Short-stem implants in shoulder arthroplasty were recently developed and reported clinical outcomes are good. However, radiological analysis often reveals humeral stem misalignment in the frontal plane, along with high filling ratios that can lead to proximal bone remodeling under stress shielding. The aim of this cadaveric study was to test whether using compactors for standard-length (> 100 mm) stems to implant short (< 100 mm) stems reduces the risk of stem misalignment without compromising in terms of a higher filling ratio.

In a cadaveric study, twenty short stems were implanted using instrumentation for standard-length stems. Alignment and filling ratios were evaluated on anteroposterior radiographs for both the compactors and the stems. The angular deviations (α) from the humeral axis of the compactors and the short stems were measured.
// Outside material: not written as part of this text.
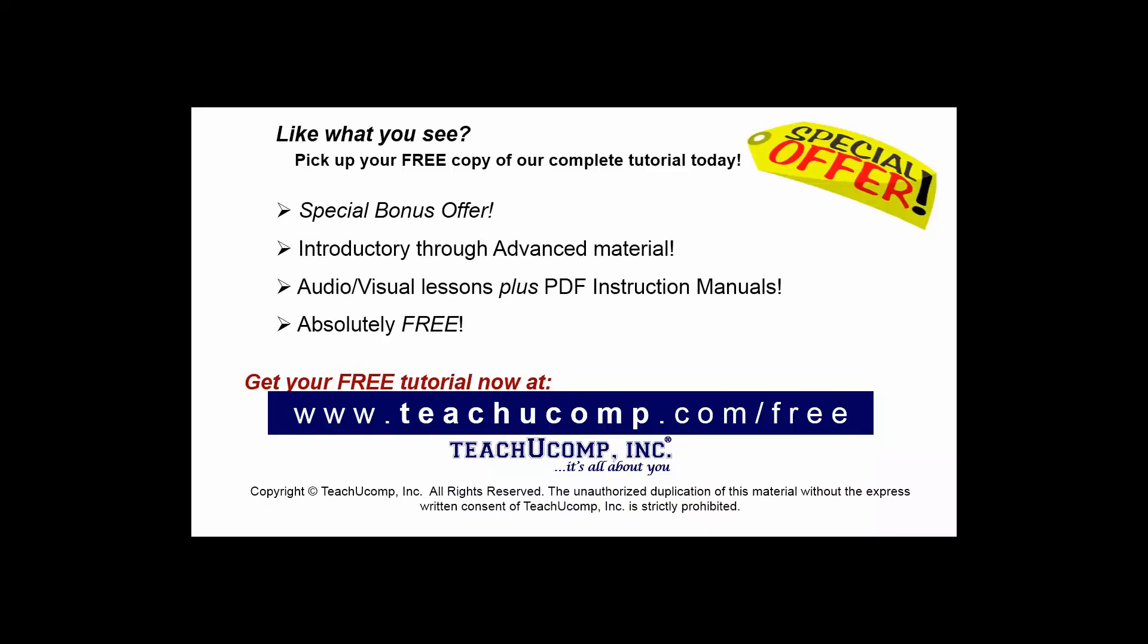Like what you see? Pick up your free copy of the complete tutorial at www.teachucomp.com forward slash free.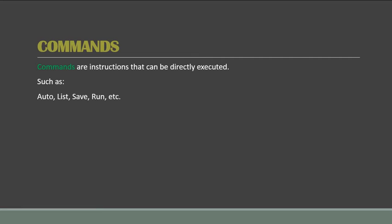So we don't have to number the lines ourselves, because we sometimes make errors in doing that. So the List command is used to display or list a program, a whole program or a part of that program.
Misalignment was defined as |α| > 5°. Metaphyseal and diaphyseal filling ratios were calculated and defined as either high (≥ 0.7) or low (< 0.7).

The median angular deviations of the compactors and the short stems were respectively 1.6° (range, 0.03 to 5.9°) and 1.3° (range, 0.3 to 9.6°). Nineteen of the 20 compactors (95%) and 17/20 short stems (85%) were correctly aligned. The proportions of correctly aligned compactors and stems were not significantly different (95% CI, -0.33 to 0.11; Z-test of proportions p = .60), and the respective angular deviations were significantly correlated (Spearman ρ = .60, p = 0.006). The diaphyseal and metaphyseal filling ratios of the compactors and the stems were all low.

In this series of 20 implants in cadavers, the narrow short humeral stems implanted with compactors for standard-length stems were correctly aligned with the humeral axis. This approach may be a way to achieve both correct frontal alignment and low filling ratios.